Wenn die 26-jährige Old Dolio (Evan Rachel Wood) mit absurd verdrehten „Silly Walks" wie bei Monty Python am Zaun des Vermieters vorbeikriechen, um in ihrer Wohnung den Schaum des Tages aus der Wand einzufangen, dann ist das Kunst-Installation, Absurdes Theater, Surrealismus, ziemlich schräg und vor allem komisch. Die Eltern, die Trickbetrüger Theresa (kaum zu erkennen: Debra Winger) und Robert (Richard Jenkins) sind jede Minute dabei, etwas zu ergaunern, Coupons auszunutzen und mit kleinen Betrügereien ein paar Dollar zu machen. Hemmungslos setzen sie dabei ihre einzige Tochter ein. Diese abstruse Familienaufstellung wird zum Märchen, als die drei auf die einfältige Verkäuferin Melanie (Gina Rodriguez) treffen. Diese wirkt irritierend „normal", nimmt aber zu gerne die Tochter-Rolle an, worauf Old Dolio aus dem Familien-Gefängnis ausbricht.

Schon die Schlabber-Klamotten in „Kajillionaire", die Lycra-Tennisanzüge von Evan Rachel Wood, sind einen Oscar wert: Diese im doppelten Sinne komische Familie könnte vom extrem unmodischen Look her auch obdachslos sein, aber sie scheinen sich alle regelmäßig waschen zu können. Wie Geister schlurfen sie durch die Geschichte, süchtig danach, einen Coupon oder eine freundliche Einladung einer alten Dame zu Geld zu machen. Dazu ist Robert auch noch ein Aluhut mit Verfolgungswahn. Allerdings wirken in Miranda Julys Filmen die „normalen Leute" noch irritierender. Das erinnert in der philosophischen Skurrilität teilweise an die Filme von Charlie Kaufman („Anomalisa", „Adaption", „Synecdoche, New York") und Michel Gondry („Eternal sunshine of a spotless mind", „Science of Sleep", „Der Schaum der Tage").

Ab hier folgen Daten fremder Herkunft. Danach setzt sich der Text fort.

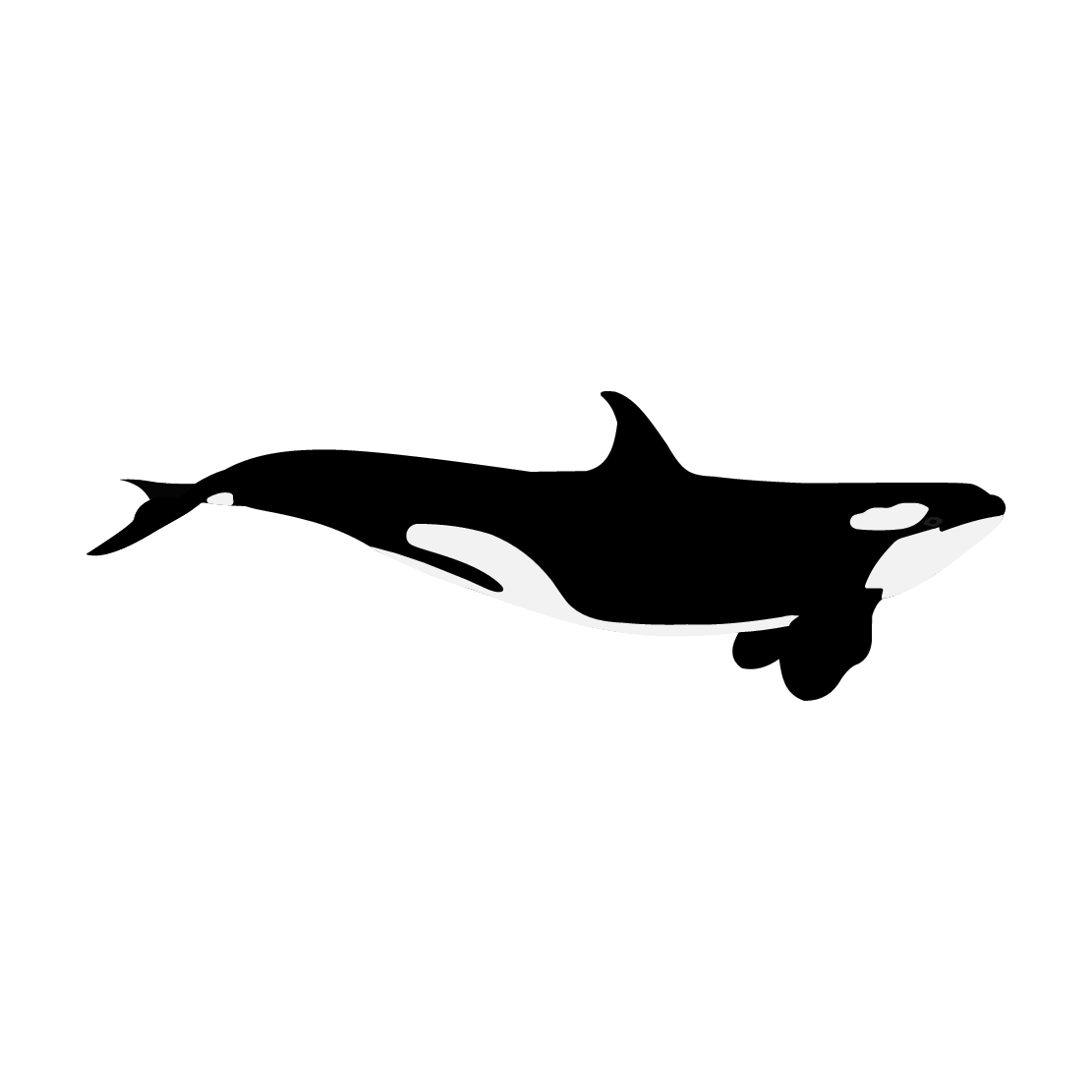 [Image: goahead-logo.png]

Doch die seltsame Emanzipation von einer seltsamen Familie in „Kajillionaire" entwickelt sich zu einer sehr ungewöhnlichen Liebes- und Emanzipationsgeschichte. Da schält sich dann aus all den surrealen Momenten mit nicht normalen Figuren eine berührende Liebegeschichte in einem fast klassischen Heist-Film heraus.